O longa mexicano acompanha a história de Sujo da infância até a adolescência. Aos 4 anos de idade, ele perde o pai, membro de um cartel que é assassinado. A partir daí, o protagonista passa a ser protegido por suas tias até o fim da adolescência, quando parte para a cidade grande, fugindo do passado “perigoso” e em busca de um emprego e oportunidade de estudar.

A história fica dividida em três partes. Nas duas primeiras, em que Sujo ainda está em Terra Caliente, no estado de Michoacán, o destaque fica para a importância dada para as personagens femininas, todas interpretadas por ótimas atrizes. O rosto dos homens nunca é inteiramente mostrado, nem mesmo o do pai da criança. As mulheres tomam conta da história enquanto protegem os pequenos do mundo do crime e suas ações são sempre destacadas, mesmo quando, em cena, o que temos no centro é o que as crianças estão fazendo no momento.

A direção dessas duas primeiras partes é cuidadosa, a fotografia é usada em favor da narrativa, deixando os personagens no escuro no dia-a-dia e em devaneios durante a noite. É bonito de se ver, mas todas essas decisões, entretanto, são feitas de modo a ressaltar a miséria e a solidão dessas pessoas em um mundo do qual não se parece poder fugir. Sujo, já adolescente, conserta o carro do pai, mesmo carro em que na infância ficou preso por horas. E a partir daí, parece aceitar um destino ingrato, começando a se envolver com o cartel com amigos da mesma idade. Nada é sutil.

Na terceira parte, essa direção assume um tom mais tradicional, abandonando os elementos marcantes das duas primeiras. Um tom professoral entra em cena, idealizando ainda mais a realidade difícil de onde vêm pessoas marginalizadas. A dificuldade de abandonar o passado continua sendo tema central. A visita de um amigo do passado abala a nova vida de Sujo e uma professora, na qual o protagonista reflete a falta de uma presença maternal, mesmo sofrendo nas mãos do jovem, que não sabe o que faz, continua o ajudando e apostando nele.

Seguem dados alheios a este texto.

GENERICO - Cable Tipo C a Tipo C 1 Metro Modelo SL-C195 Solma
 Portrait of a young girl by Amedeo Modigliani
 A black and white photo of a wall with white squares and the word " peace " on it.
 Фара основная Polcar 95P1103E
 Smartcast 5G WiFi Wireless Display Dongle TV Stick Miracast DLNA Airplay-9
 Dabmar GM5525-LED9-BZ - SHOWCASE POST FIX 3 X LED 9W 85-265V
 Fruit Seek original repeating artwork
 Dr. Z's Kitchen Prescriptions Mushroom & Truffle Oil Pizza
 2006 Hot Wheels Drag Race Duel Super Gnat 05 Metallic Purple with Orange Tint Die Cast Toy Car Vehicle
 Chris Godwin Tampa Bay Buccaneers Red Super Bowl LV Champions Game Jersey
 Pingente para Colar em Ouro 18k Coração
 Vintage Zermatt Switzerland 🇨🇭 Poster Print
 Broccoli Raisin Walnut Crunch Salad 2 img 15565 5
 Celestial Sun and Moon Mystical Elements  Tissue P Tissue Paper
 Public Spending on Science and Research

A cobrança de masculinidade quando mais velho é um caminho pouco explorado, apenas com outros homens que o provocam quando ele passa, mais de uma vez, ao lado de um grupo que treina luta em uma arena na rua. Talvez esse novo recorte acrescentasse uma camada a mais num filme de representações tão problemáticas. Em uma das cenas que mais marcam essa romantização da pobreza de forma velada na cidade grande, a professora fala sobre Sujo para outra pessoa: “Ele não sabe, mas é bem especial”. Visto por americanos progressistas banhados por essa fetichização da miséria, é possível entender o que levou Sujo a levar o grande prêmio do júri no Festival de Sundance.

Sujo está na programação oficial da 48ª Mostra Internacional de Cinema de São Paulo.